DIRECTIONS
Write out the listing below exactly, and omit any images you find in it.

DATA TO USE

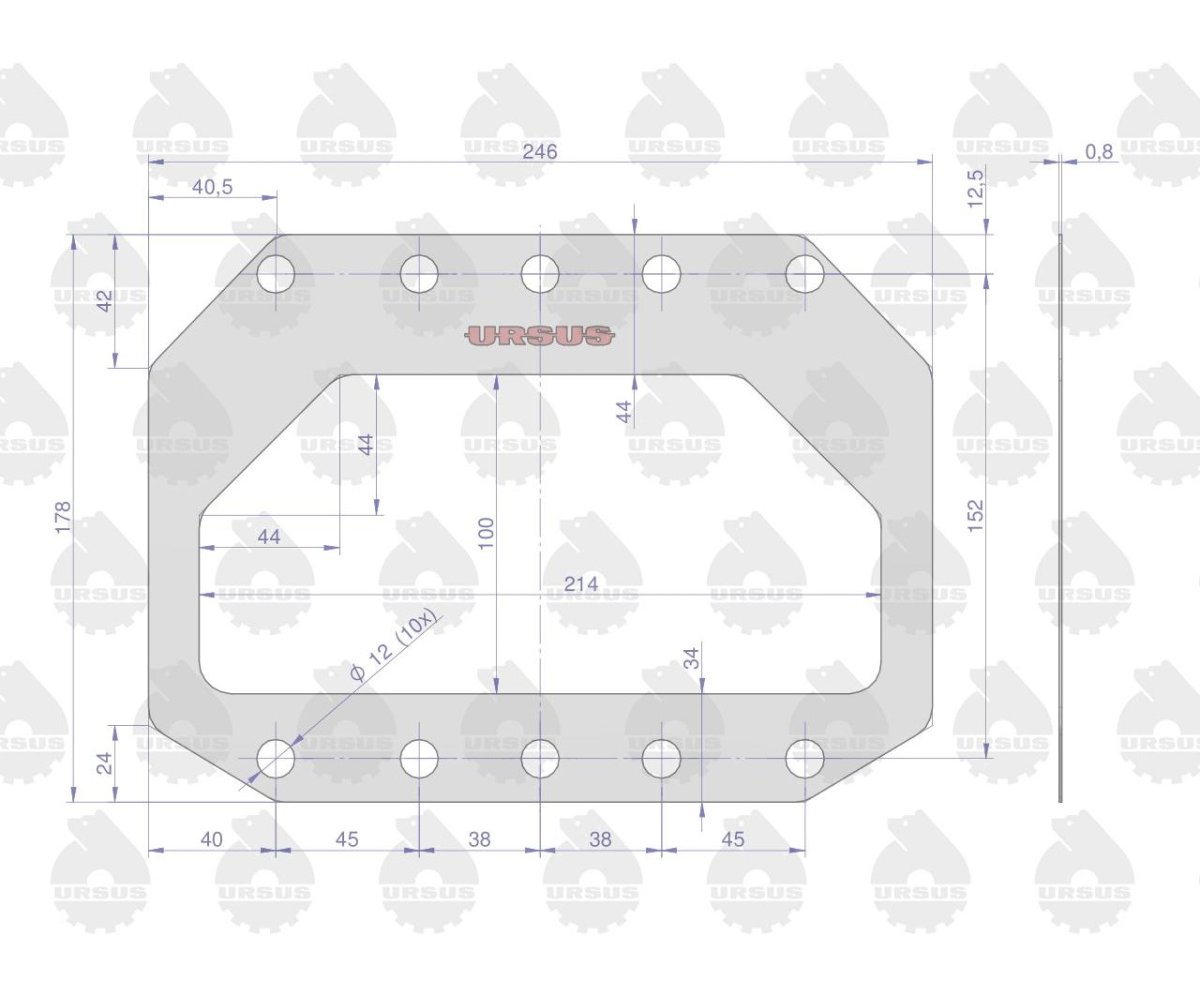 Uszczelka obudowy skrzyni przedni napęd krążelit 0.8mm Zetor ( sprzedawane po 10 ) ORYGINAŁ URSUS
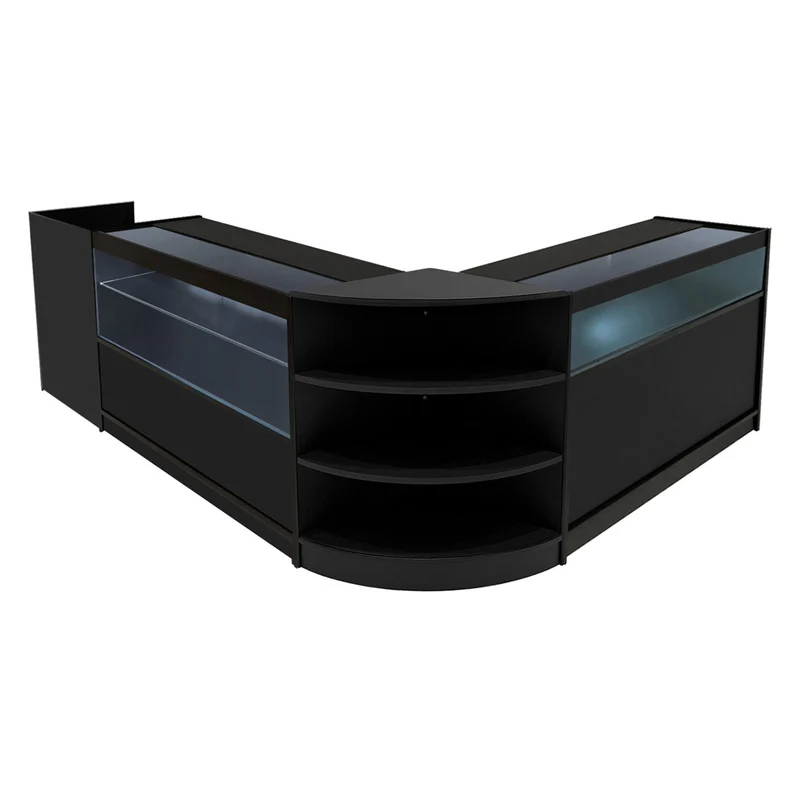 Comptoirs de Vente à LED Ensemble Europa - Noir LM60, B1200, C1200, TB60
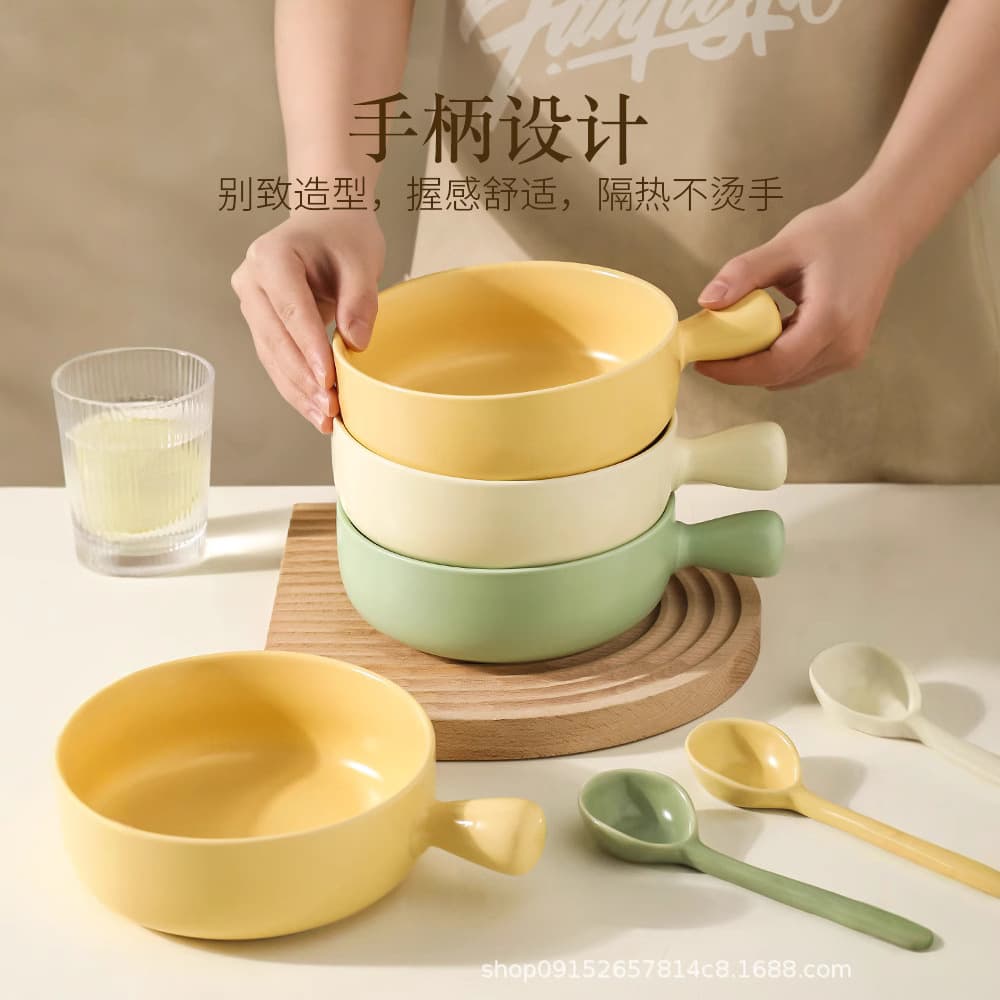 Drop Shipping Cream Color Baking Bowl Ceramic Handle Soup Bowl for Instant Noodles, Luosifen, Home Salad, and Baked Rice Bowl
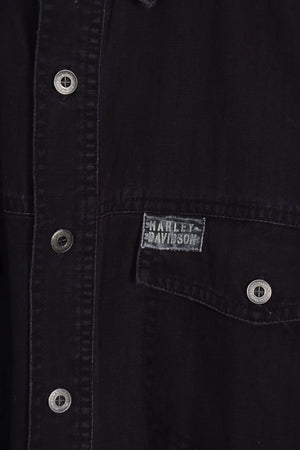 HARLEY DAVIDSON Black Long Sleeve Button Up Shirt Hong Kong Made (XL)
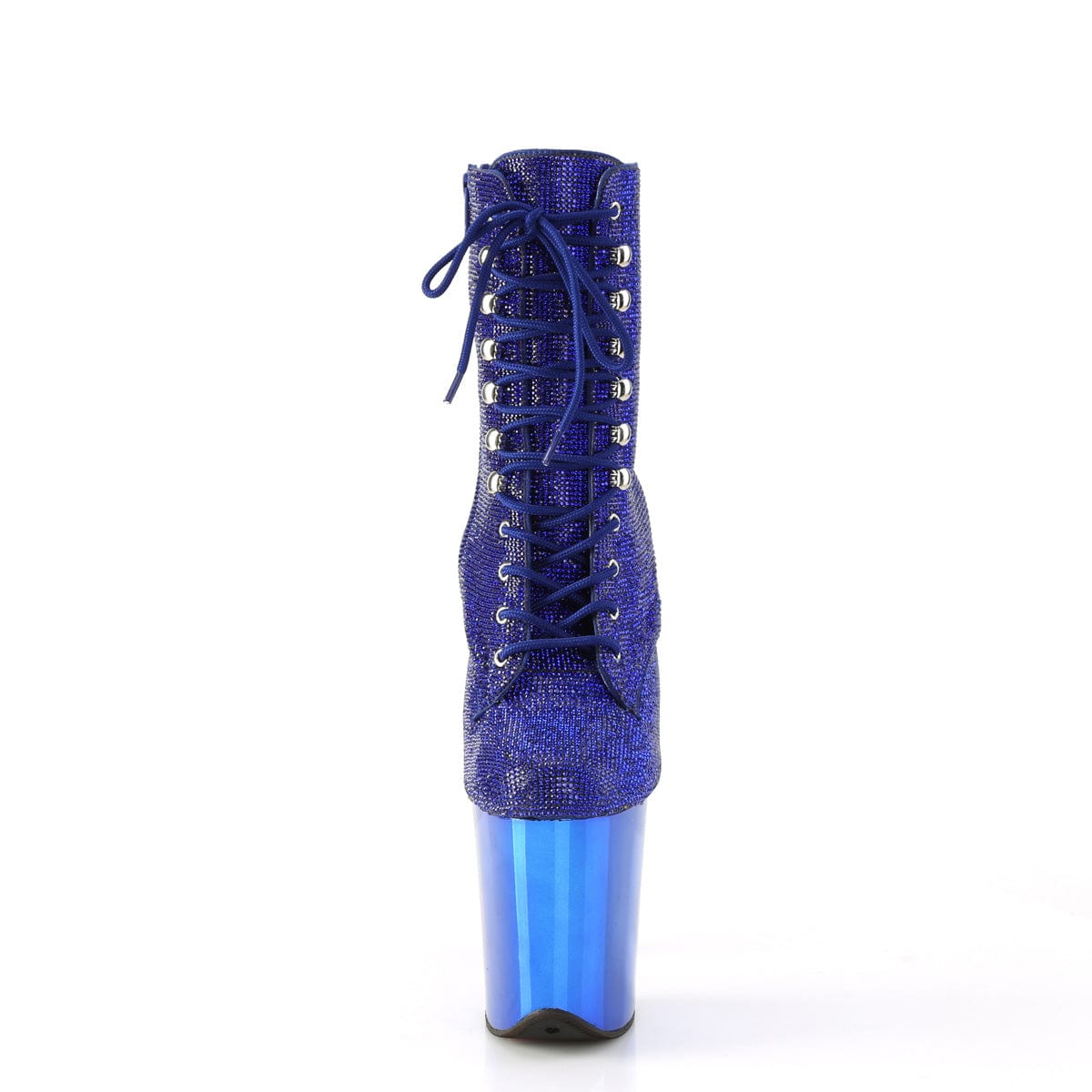 FLAMINGO-1020CHRS Royal Blue Rhinestones/Royal Blue Chrome Ankle Boot Pleaser US Size (Women's): 5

ANSWER
 Uszczelka obudowy skrzyni przedni napęd krążelit 0.8mm Zetor ( sprzedawane po 10 ) ORYGINAŁ URSUS
 Comptoirs de Vente à LED Ensemble Europa - Noir LM60, B1200, C1200, TB60
 Drop Shipping Cream Color Baking Bowl Ceramic Handle Soup Bowl for Instant Noodles, Luosifen, Home Salad, and Baked Rice Bowl
 HARLEY DAVIDSON Black Long Sleeve Button Up Shirt Hong Kong Made (XL)
 FLAMINGO-1020CHRS Royal Blue Rhinestones/Royal Blue Chrome Ankle Boot Pleaser US Size (Women's): 5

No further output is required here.